Differentiating this equation for $u(r,\theta)$ with respect to $r$ gives us our boundary condition at $r=a$, $f(\theta)$.

$$u_{r}(r,\theta) = \sum_{n=1}^{\infty} n r^{n-1} (A_n \cos(n \theta) + B_n \sin(n \theta))$$

$$u_{r}(a,\theta) = \sum_{n=1}^{\infty} n a^{n-1} (A_n \cos(n \theta) + B_n \sin(n \theta)) = f(\theta)$$

$$\text{Notice that: }\int_{0}^{2\pi}f(\theta) d \theta = \int_{0}^{\pi} \sin (\theta)d \theta + \int_{\pi}^{2\pi}0 d \theta = 1-1+0 = 0$$

So $f$ has a free coefficient and we may find a unique solution up to a constant $C \in \mathbb{R}$. We have Fourier coefficients at $r = a$:

$$A_n = \frac{1}{\pi n a^{n-1}} \int_{0}^{2\pi}h(\phi)\cos(n\phi)d\phi$$

$$B_n = \frac{1}{\pi n a^{n-1}} \int_{0}^{2\pi}h(\phi)\sin(n\phi)d\phi$$

Substituting in $f(\theta)$ and splitting the integral between $(0,\pi)$ and $(\pi,2\pi)$:

$$\implies A_n = \frac{1}{\pi n a^{n-1}} \int_{0}^{2\pi}f(\phi)\cos(n\phi)d\phi = \frac{1}{\pi n a^{n-1}}( \int_{0}^{\pi}\sin(\phi)\cos(n\phi)d\phi + \int_{\pi}^{2\pi}0\cos(n\phi)d\phi)$$

$$= \frac{1}{\pi n a^{n-1}}(\frac{-1-(-1)^n}{n^2-1}) \text{, as } n \in \mathbb{N}$$

and $A_0=0$

$$\implies B_n = \frac{1}{\pi n a^{n-1}} \int_{0}^{2\pi}f(\phi)\sin(n\phi)d\phi = \frac{1}{\pi n a^{n-1}}( \int_{0}^{\pi}\ sin(\phi)\sin(n\phi)d\phi + \int_{\pi}^{2\pi}0\sin(n\phi)d\phi)$$

$$= \frac{1}{\pi n a^{n-1}}(0) = 0 \text{, as } n \in \mathbb{N}$$

$$\implies u(r,\theta) = \sum_{n=1}^{\infty} (\frac{r^n}{a^{n-1}}) \frac{-1-(-1^2)}{ \pi (n^3-n) } \cos(n \theta) + C, \phantom{\ } C \in \mathbb{R} \phantom{\ }$$

(b)

Let $a >0$. BC $h(\theta) = f(\theta)$.  $r\mapsto \frac{1}{r}$ : $\{ z : z \in \mathbb{R}_\infty , z \ge a \} \mapsto \{ \frac{1}{z} : \frac{1}{z} \in \mathbb{R}_{\infty} , \frac{1}{z} \le \frac{1}{a}\}$. Then $\frac{1}{r} \rightarrow 0$ as $r \rightarrow \infty$.

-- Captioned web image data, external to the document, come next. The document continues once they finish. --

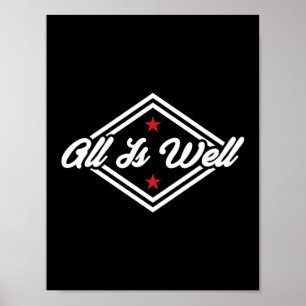 Poster Tout Est Bien Nouveau Âge Personnalisable Blanc Ro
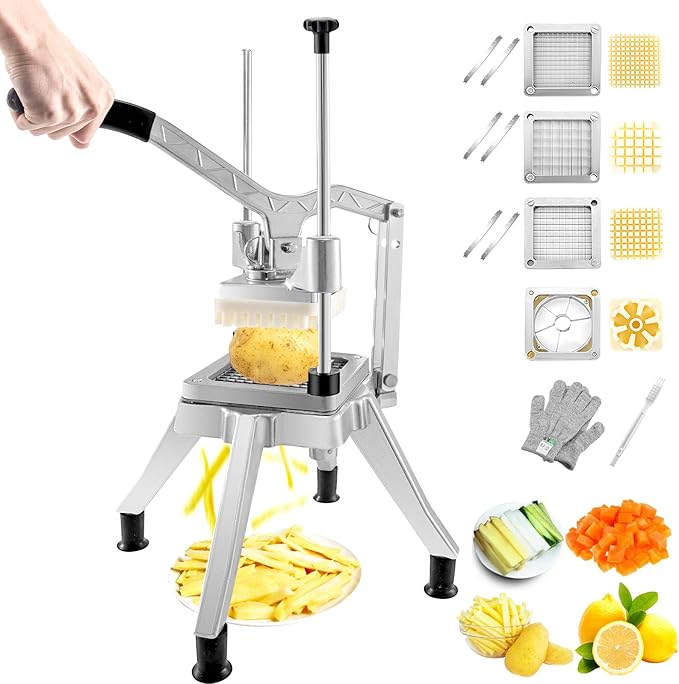 VEVOR Replacement Chopper Blade, 3/8 inch, 3 PCS French Fry Blade Assembly with 6 Extra Knives, Stainless Steel Dicer Parts and Push Block for Cutting Potatoes Carrots Onions Cucumbers Mushrooms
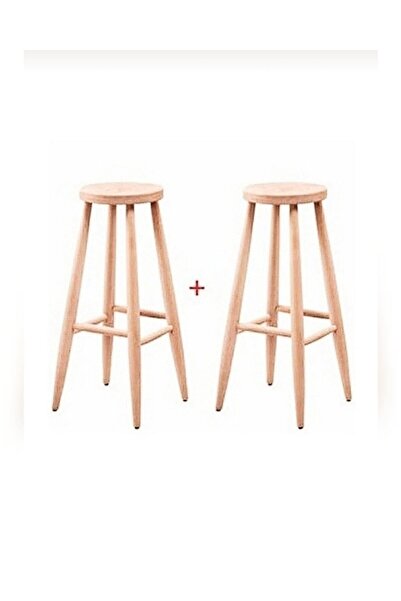 CLK TEKSTİL Ahşap Yüksek Yuvarlak Bar Tabure Sandalye 2'li Ahşap Ham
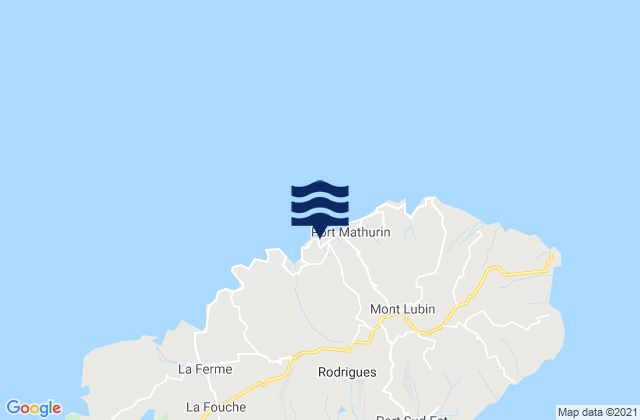 Mappa delle Getijden in Port Mathurin, Mauritius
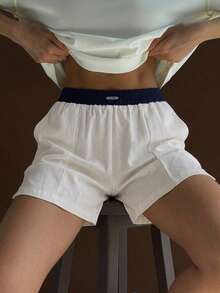 DAZY Women's Colorblock Casual Daily Home Shorts Fall - White - View 8
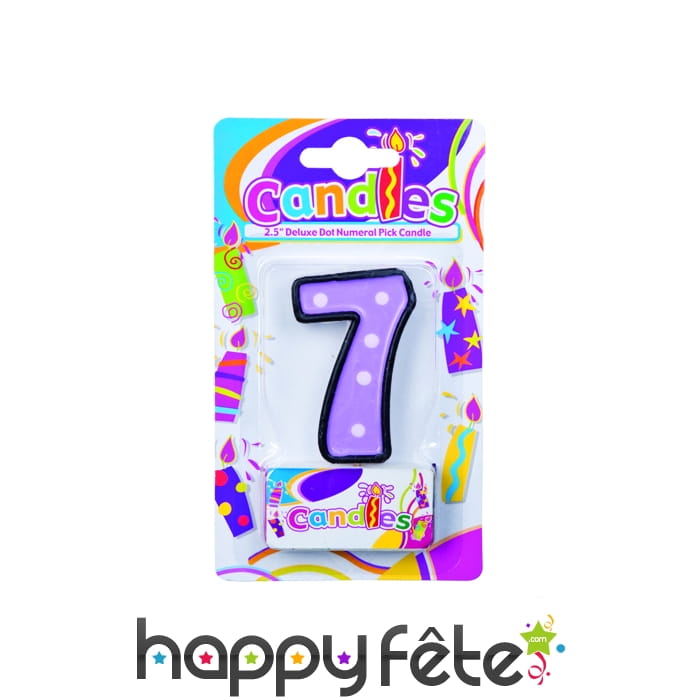 Bougie d'anniversaire chiffre 7, violette.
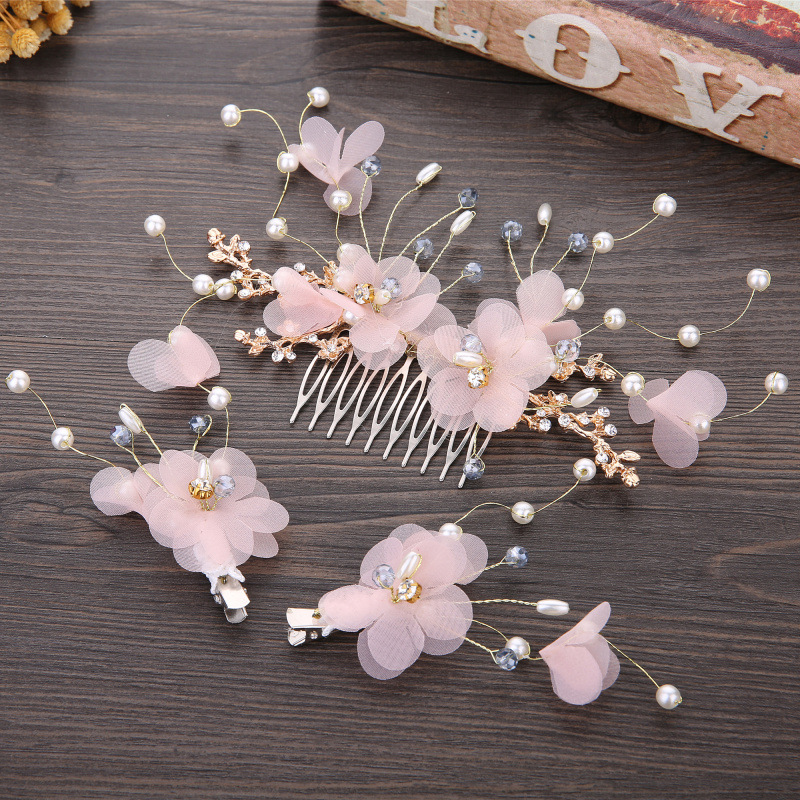 Red Chiffon Flower Pearl Crystal Gold‑Wire Bridal Hair Comb And Clips Wedding Accessory Set for Women Gift - Image 4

Now we have: $\int_{0}^{2\pi}f(\theta) d \theta$ so our BC has a free coefficient, and the Neumann problem on the interior of the disk with BC: $\{u = h(\theta) : r = a\}$, $u(r,\theta)$ has a unique solution up to a constant $C \in \mathbb{R}$ of the form:

$$u(r,\theta) = \sum_{n=1}^{\infty} r^n (A_n \cos(n \theta) + B_n \sin(n \theta)) + C$$

$$A_n = \frac{1}{\pi n a^{n-1}} \int_{0}^{2\pi}h(\phi)\cos(n\phi)d\phi$$

$$B_n = \frac{1}{\pi n a^{n-1}} \int_{0}^{2\pi}h(\phi)\sin(n\phi)d\phi$$

Mapping $\{r \mapsto \frac{1}{r}, a \mapsto \frac{1}{a}\}$ gives us the equivalent solution on the exterior:

$$\implies u(r,\theta) = \sum_{n=1}^{\infty} r^{-n} (A_n \cos(n \theta) + B_n \sin(n \theta)) + C$$

BC at $\frac{1}{r} = \frac{1}{a}$, $u_r = f(\theta)$ so we have:

$$u_{r} = \sum_{n=1}^{\infty} (-n) r^{-n-1} (A_n \cos(n \theta) + B_n \sin(n \theta))$$

$$u_{r} \bigr|_{\frac{1}{a}} = \sum_{n=1}^{\infty} (-n) a^{-n-1} (A_n \cos(n \theta) + B_n \sin(n \theta))= f(\theta)$$

we have Fourier coefficients:

$$A_n = - \frac{1}{\pi n a^{-n-1}} \int_{0}^{2\pi}h(\phi)\cos(n\phi)d\phi$$

$$B_n = - \frac{1}{\pi n a^{-n-1}} \int_{0}^{2\pi}h(\phi)\sin(n\phi)d\phi$$

Substituting in $f(\theta)$ and splitting the integral between $(0,\pi)$ and $(\pi,2\pi)$:

$$\implies A_n = - \frac{1}{\pi n a^{-n-1}} \int_{0}^{2\pi}f(\phi)\cos(n\phi)d\phi = - \frac{1}{\pi n a^{-n-1}}( \int_{0}^{\pi}\sin(\phi)\cos(n\phi)d\phi + \int_{\pi}^{2\pi}0\cos(n\phi)d\phi)$$

$$= - \frac{1}{\pi n a^{-n-1}}( \frac{-1-(-1)^2}{n^2-1}) = 0 \text{, as } n \in \mathbb{N}$$

$$\implies B_n = - \frac{1}{\pi n a^{-n-1}} \int_{0}^{2\pi}f(\phi)\sin(n\phi)d\phi = - \frac{1}{\pi n a^{-n-1}}( \int_{0}^{\pi}\sin(\phi)\sin(n\phi)d\phi + \int_{\pi}^{2\pi}0\sin(n\phi)d\phi)$$

$$= - \frac{1}{\pi n a^{-n-1}}(0) = 0 \text{, as } n \in \mathbb{N}$$

$$\implies u(r,\theta) = \sum_{n=1}^{\infty} (\frac{a^{n+1}}{r^n}) \frac{-1-(-1)^2}{ \pi (n^3-n) } \cos(n \theta) + C, \phantom{\ } C \in \mathbb{R} \phantom{\ }$$